There was a quick wing slap and all the ferals flew to the nearest parking lot light poles and stood perfectly still. Soon a darkened shadow flew overhead, its wings stretched to its fullest, quietly, silently and slowly it flew over the "stone" pigeons. The hawk circled but did not see the pigeons - it saw only strange rocks on the tops of the lights and so it flew away.

Then one single brave pigeon flew down from one of the lights. He flew in the direction of where the hawk had gone and circled and then came back with the verdict.

"Everybody stay where you are. It's not safe." And so once again everyone remained in his or her spot, forming perfect pigeon statues on the lights. For 10 minutes everyone remained perfectly still and then once again, a lone brave pigeon circled above in the sky. This time he reported good news: "I think he's gone. I think it's safe to go down now."

And so they all came down and greeted me at the familiar feeding spot. They ate quickly and silently and then flew back up to safety. I bid them adieu and they watched me go from their perches atop the lights. Silent, stone pigeons blending into the silhouettes of a parking lot light.


----------



## Feefo (Feb 8, 2002)

I bet that you were as apprehensive as they were, Garye!

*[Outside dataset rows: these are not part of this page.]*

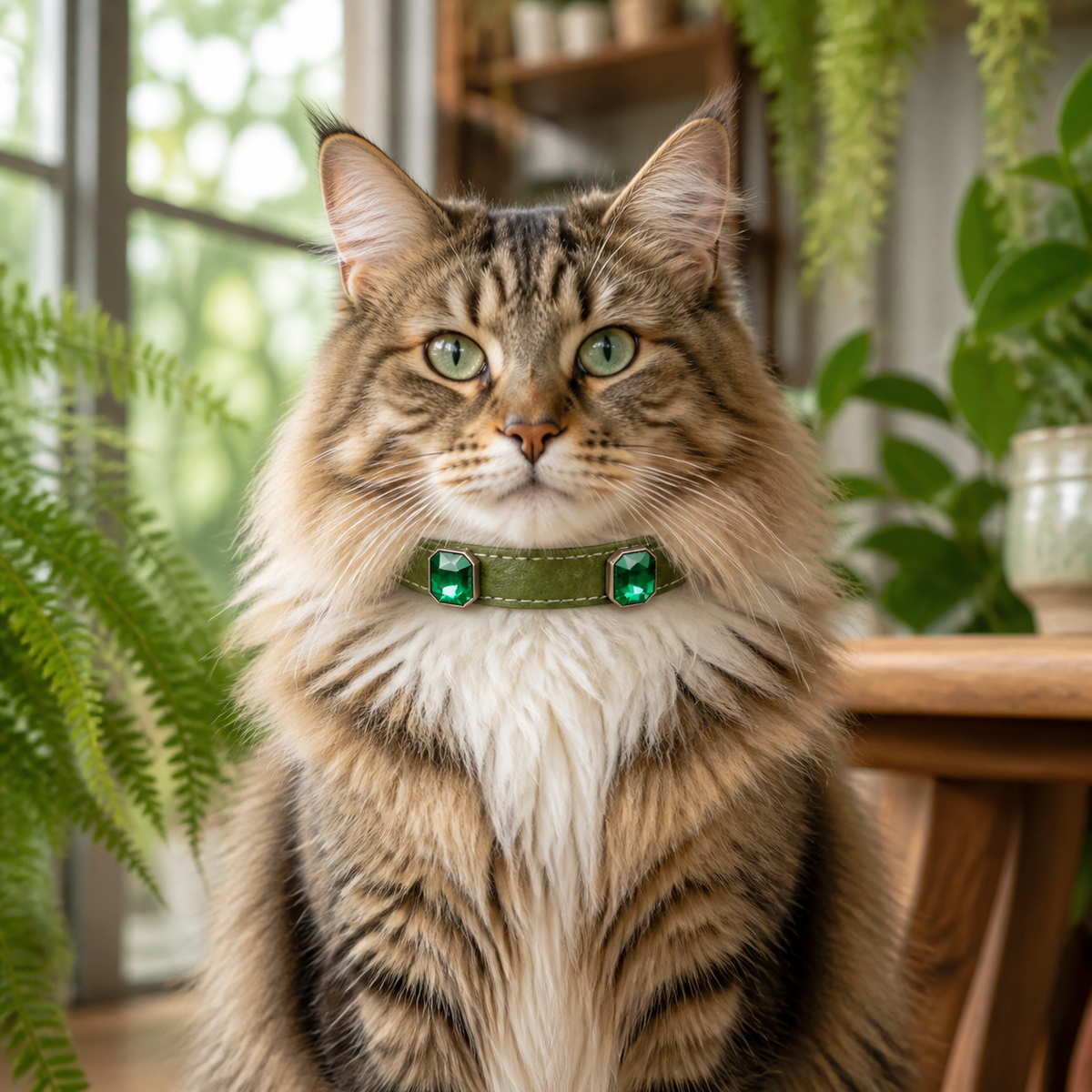 Emerald Forest Cat Collar with Vintage Green Crystal Details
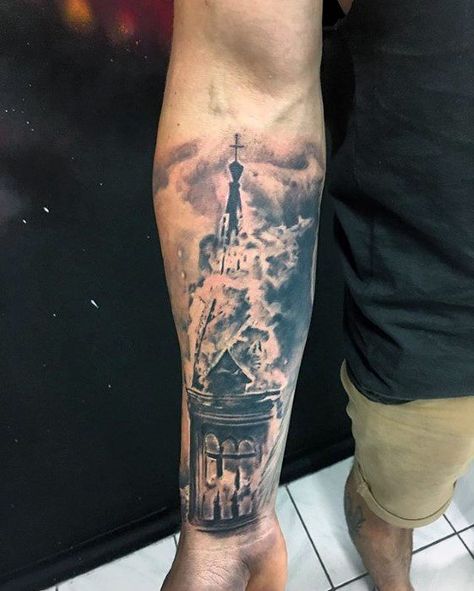 Guys Burning Church Tattoos Burning Building Tattoo, Burning Church Tattoo Design, Burning Tattoo, Building Tattoo, Church Tattoo, Burning Church, Austin Tattoo, Rabe Tattoo, Fire Tattoo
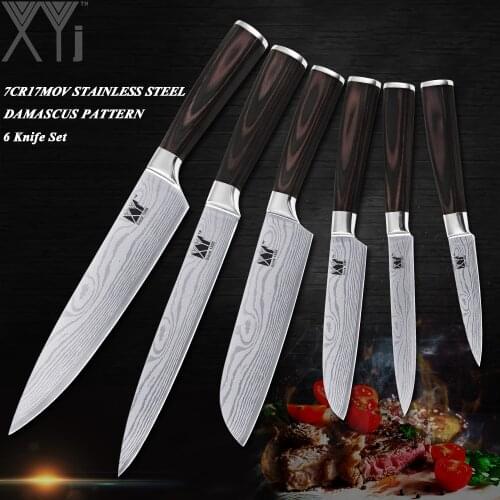 XYj Ultra-thin Blade Kitchen Knives Set 3.5~8 Inch Paring Utility Santoku Chef Slicing 6 Piece Set Stainless Steel Kitchen Knife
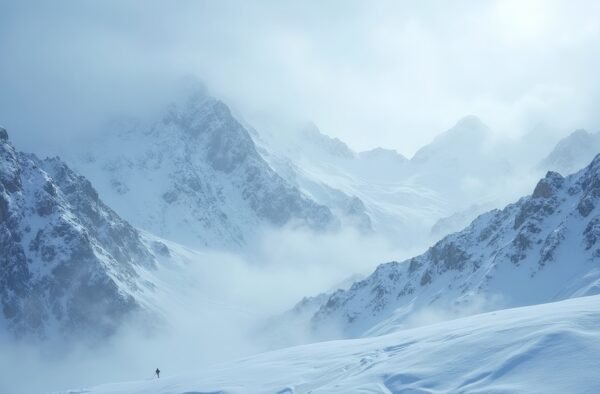 snowstorm over snowy mountain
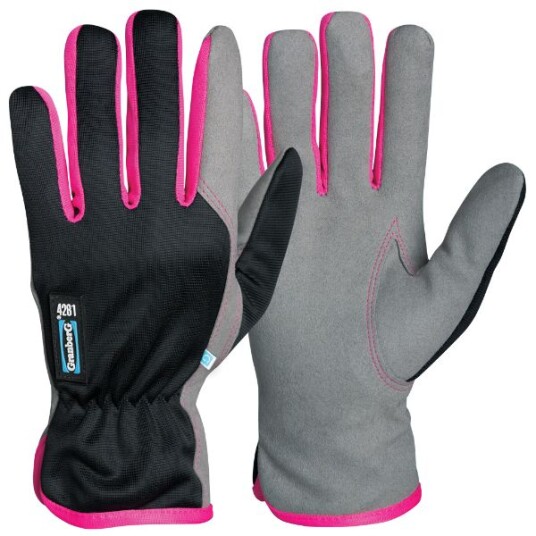 Granberg MacroSkin Pro med elastisk polyesterrygg, ufôrede monteringshansker, svart/grå/rosa, 12 par, SGR-120-4281 7
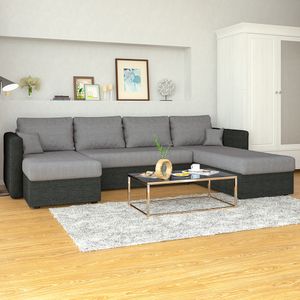 Vitalispa Sofa U Form , 290 cm, Anthrazit/Schwarz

Wast the same brave pigeon that did both checks?

Cynthia


----------



## Garye (Feb 20, 2005)

I wouldn't doubt it if it was the same pigeon. Just flew right out there alone to check it out.

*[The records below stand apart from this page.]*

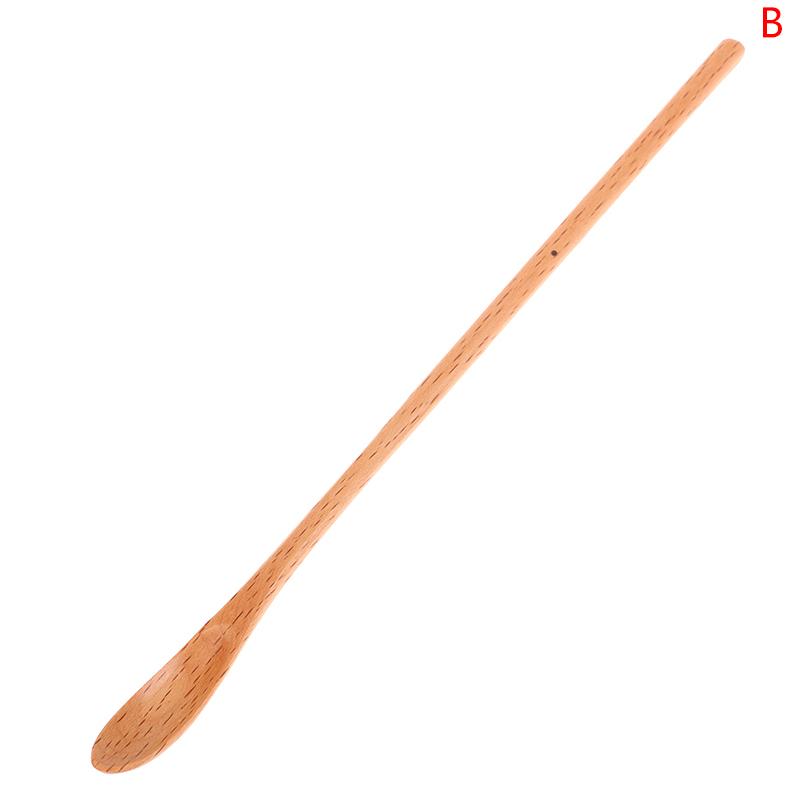 1Pc Wooden Spoon Kitchen Cooking Utensil Honey Dessert Coffee Soup Teaspoon Catering For Kitchen Long Handled Wooden Spoon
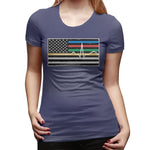 Women's Casual T-shirt Thin Red Blue Green Yellow Gold Line Flag Thin Line EMS Comfy O-Neck Short Sleeve Tops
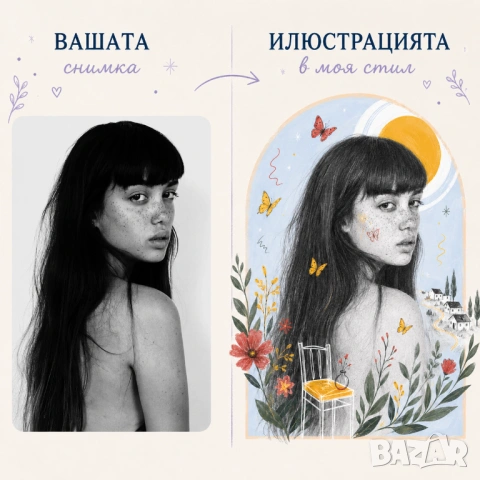 Артистична дигитална илюстрация по снимка | Ръчно рисуван портрет, снимка 8 - Други - 54460405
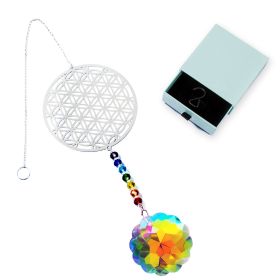 Flower of Life Suncatcher, Silver Hanging Crystal Wind Chimes, Tree of Life Chakra Crystal Glass Angel Sun Catcher with Iris Effect for Home Garden De (theme: Flower of Life)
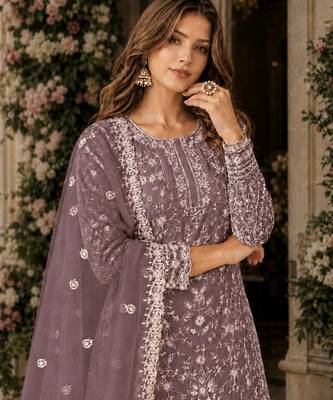 lavender embroidered net semi stitched plazzo suit 2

Yep, I was just as apprehensive about the whole situation. I watched that hawk fly over them but they were so still that it didn't arouse the hawk's attention and he just flew over them.

THEY CAN BE ROCKS WHEN THE NEED OCCURS!

And it's a very good thing too.


----------



## Pigeonpal2002 (Jul 27, 2002)

Hi Garye, 

What an interesting story! Sounds like those pigeons have the drill down pat Seems like they knew just what to do and had their leader make sure all was safe.

Glad it was a good outcome


----------



## Skyeking (Jan 17, 2003)

WOW...I was holding my breath in suspense...as I read on..

Just goes to show you how a healthy group of ferals can protect each other, working together..sounding the warning, and quick as lightning speed to secure safety. 

I can just hear the Scout, (brave pigeon) speaking out to the group.

Glad you were there to see this group in action, and for your supportive care...thank you.


----------



## Maggie-NC (Jun 22, 2005)

Garye, you told the story beautifully! So glad they went unnoticed. Your heart got in your throat, I'll bet.

Maggie


----------



## Rooster2312 (Mar 8, 2006)

Hi Garye

What an interesting story! The saying 'safety in numbers' says it all. I wonder if they have to pick straws to find out who the 'sentry' is for the day!

Lindi


----------



## feralpigeon (Feb 14, 2005)

Great story, Garye. They do seem to have an assigned 'Look out' who keeps watch for the group. Think you had us all on the edge of our seats.

fp


----------



## Reti (Jul 20, 2003)

Aren't they great. They are so smart.
Thanks for sharing the story.

Reti


----------



## Victor (Dec 18, 2004)

Hi Garye~ The story, the way you told it, made it seem like I was right there watching thru your eyes. Very impacting story, and how it proves that safety in numbers does work.


----------



## John_D (Jan 24, 2002)

Great description of events, Garye - bet you's a good campfire story teller 

John


----------



## mr squeaks (Apr 14, 2005)

*Wow!*

Talk about a cliff hanger! Well told! Your flock certainly seems wise in the ways of predetors!

Send CONGRATULATIONS to all your flock from me and Mr. Squeaks for a job WELL DONE!!


----------



## Garye (Feb 20, 2005)

I always watch them to see if they'll go through the drill. They know what they have to do and they do it fast. Even the young ones know the seriousness of doing the drill.

I'm forever thankful that they take it seriously and that they come out ok. It was truly amazing that the hawk had flown over all of them and didn't try to get any of them.

They were so still they must've seemed like plastic statues to the hawk.


----------